We have a Ubuntu instance on k8 that runs a large batch job every night which consumes a lot of memory. As the workload is not predetermined, we are forced to (expensively) allocate 16GB to the node regardless of its actual memory consumption to avoid OOM. With memory compression on our local dev server, the job peaks at only 3GB. Otherwise during the day, it takes only 1GB of memory. Banning swaps and thus memory compression is quite silly a move.

I think the main concern here is probably isolation. A typical machine can host a ton of pods, and if memory gets tight, they could start swapping and completely destroy performance for each other. If there's no swap, isolation is much easier.

I think the main concern here is probably isolation. A typical machine can host a ton of pods, and if memory gets tight, they could start swapping and completely destroy performance for each other. If there's no swap, isolation is much easier.

But as explained previously, disabling swap doesn't buy us anything here. In fact, since it increases memory pressure overall, it may force the kernel to drop parts of the working set when it could otherwise have swapped out unused data -- so it makes the situation worse.

Enabling swap, on its own, should actually improve isolation.

But it does buy you a lot, if you run things the way you're supposed to (and the way Google runs things on Borg): all containers should specify the upper memory limit. Borg takes advantage of Google infra and learns the limits if you want it to (from past resource usage and OOM behavior), but there are limits nonetheless.

I'm actually kind of baffled that K8S folks allowed the memory limit to be optional. Unlike CPU, memory pressure has a very non-linear effect on system performance as anyone who has seen a system completely lock up due to swapping will attest. It should really require it by default, and give you a warning if you choose to disable it.

But it does buy you a lot, if you run things the way you're supposed to (and the way Google runs things on Borg): all containers should specify the upper memory limit. Borg takes advantage of Google infra and learns the limits if you want it to (from past resource usage and OOM behavior), but there are limits nonetheless.

I'm actually kind of baffled that K8S folks allowed the memory limit to be optional. Unlike CPU, memory pressure has a very non-linear effect on system performance as anyone who has seen a system completely lock up due to swapping will attest. It should really require it by default, and give you a warning if you choose to disable it.
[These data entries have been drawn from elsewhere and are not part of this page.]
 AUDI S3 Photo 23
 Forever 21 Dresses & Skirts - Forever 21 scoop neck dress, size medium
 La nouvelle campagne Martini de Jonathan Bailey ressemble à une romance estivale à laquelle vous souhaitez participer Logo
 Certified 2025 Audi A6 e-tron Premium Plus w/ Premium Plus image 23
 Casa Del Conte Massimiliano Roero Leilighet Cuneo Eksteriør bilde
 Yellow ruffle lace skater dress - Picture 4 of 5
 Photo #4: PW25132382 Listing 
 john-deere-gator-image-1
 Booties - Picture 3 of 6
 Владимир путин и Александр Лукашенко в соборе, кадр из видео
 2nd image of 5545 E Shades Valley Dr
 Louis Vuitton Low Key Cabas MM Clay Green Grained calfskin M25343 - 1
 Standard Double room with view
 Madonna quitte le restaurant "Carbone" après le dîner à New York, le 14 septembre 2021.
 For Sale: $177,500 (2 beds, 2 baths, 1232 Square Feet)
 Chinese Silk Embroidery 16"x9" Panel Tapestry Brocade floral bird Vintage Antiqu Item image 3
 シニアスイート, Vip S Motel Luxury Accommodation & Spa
I think the issue this fails to address is that the upper limit is variable and not always known for some processes. The issue I am dealing with specifically focuses on using k8s to manage 3d model renderer nodes. Depending on the assets for the model and scene being rendered, the amount of ram required can vary quite a bit, and while most renders will be small, the fact that _some_ can be huge means that our requests and limits have to reserve way more memory than we actually need 90% of the time to avoid OOM, rather than the pod occasionally exceeding the configured limit and being able to spill over into swap space.

Yes, and in that case you'd then set your upper limit to "None" or something to that effect. My point is, it shouldn't be the default. Setting it to nothing completely defeats any kind of intelligent workload scheduling, since the master simply doesn't know the size of the "item" (job) it's about put into a "knapsack" (kubelet).

The problem here isn't that your job will be spilled to swap, it's that all other jobs running on that node will be, too. And some (most?) of them won't like it, at all.

Programs on Borg are written to be preemptible (killable, for those not familiar with the jargon) at any time with no effect on data integrity. This is actually something I don't see much outside of Google, and acknowledging your program's potential sudden mortality leads to writing much more reliable software. But I digress.

Systems built with such programs would much prefer those programs to die and be re-incarnated elsewhere in the cell (Borg cluster), rather than continue to suffer on an oversubscribed node. Tail latency can be really problematic otherwise, especially when the number of tasks in a job is large.

Don't get me wrong, I'm not saying this is the only "correct" way to run things. I'm just trying to elucidate the possible rationale that went into the design.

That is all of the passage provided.